● **What you should do**
In the material below, find the line containing "( 0,75) Startvolt" and output it and all lines after it exactly, through the last one, without the pictures.

● **Listed entries**

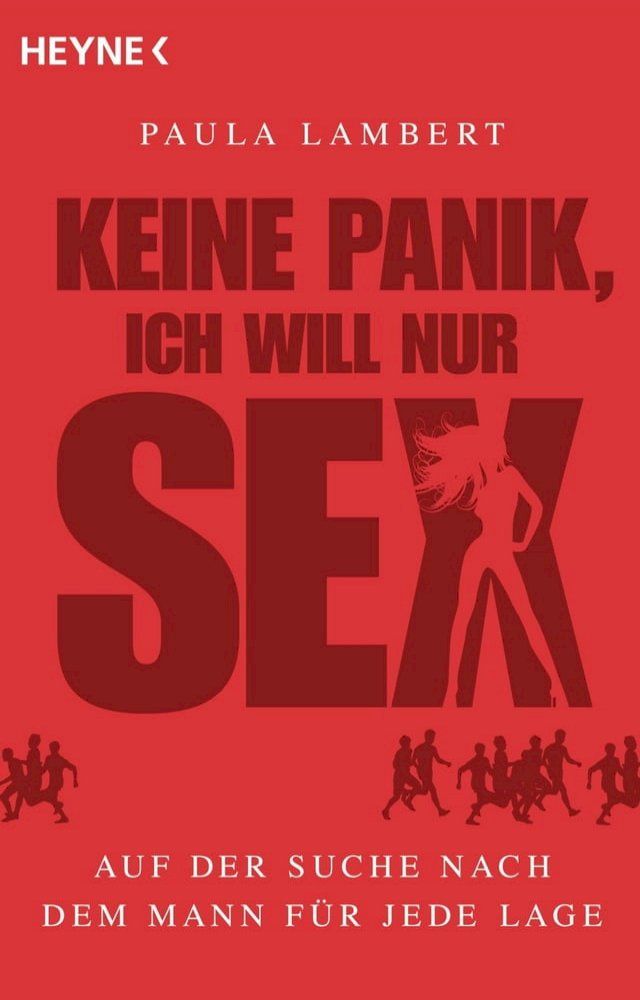  Keine Panik, ich will nur Sex(Kobo/電子書)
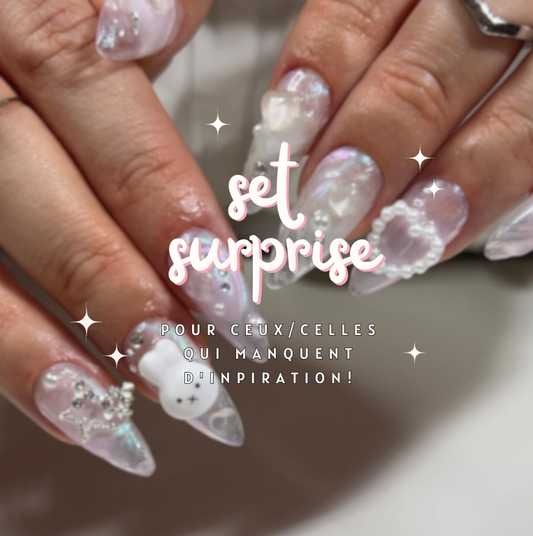 Set surprise image 0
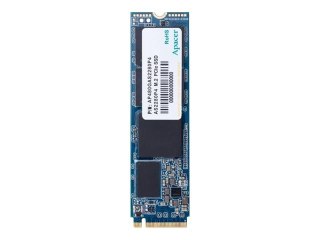 Apacer AS2280P4 - SSD - 512 GB - wewnętrzny - M.2 2280 - PCIe 3.0 x4 (NVMe)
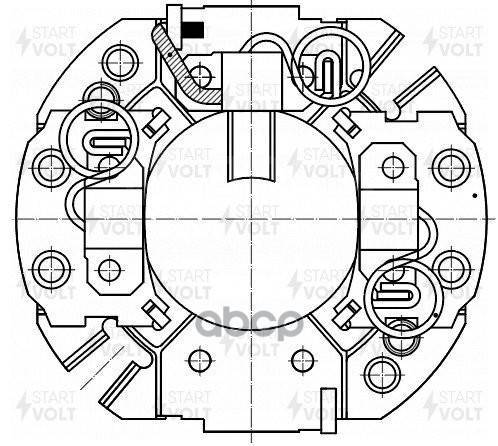     966/968   ( 0,75) Startvolt Vbs 0800 3616921740,5213785,022224750,M649t03571,M649x02572,M649x03573,...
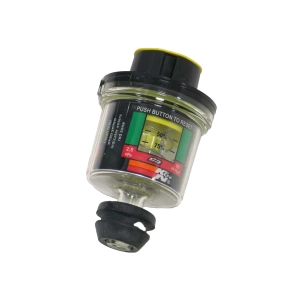 K&N KN-85-2445 Filtre Kirlilik Göstergesi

● **Answer below**
     966/968   ( 0,75) Startvolt Vbs 0800 3616921740,5213785,022224750,M649t03571,M649x02572,M649x03573,...
 K&N KN-85-2445 Filtre Kirlilik Göstergesi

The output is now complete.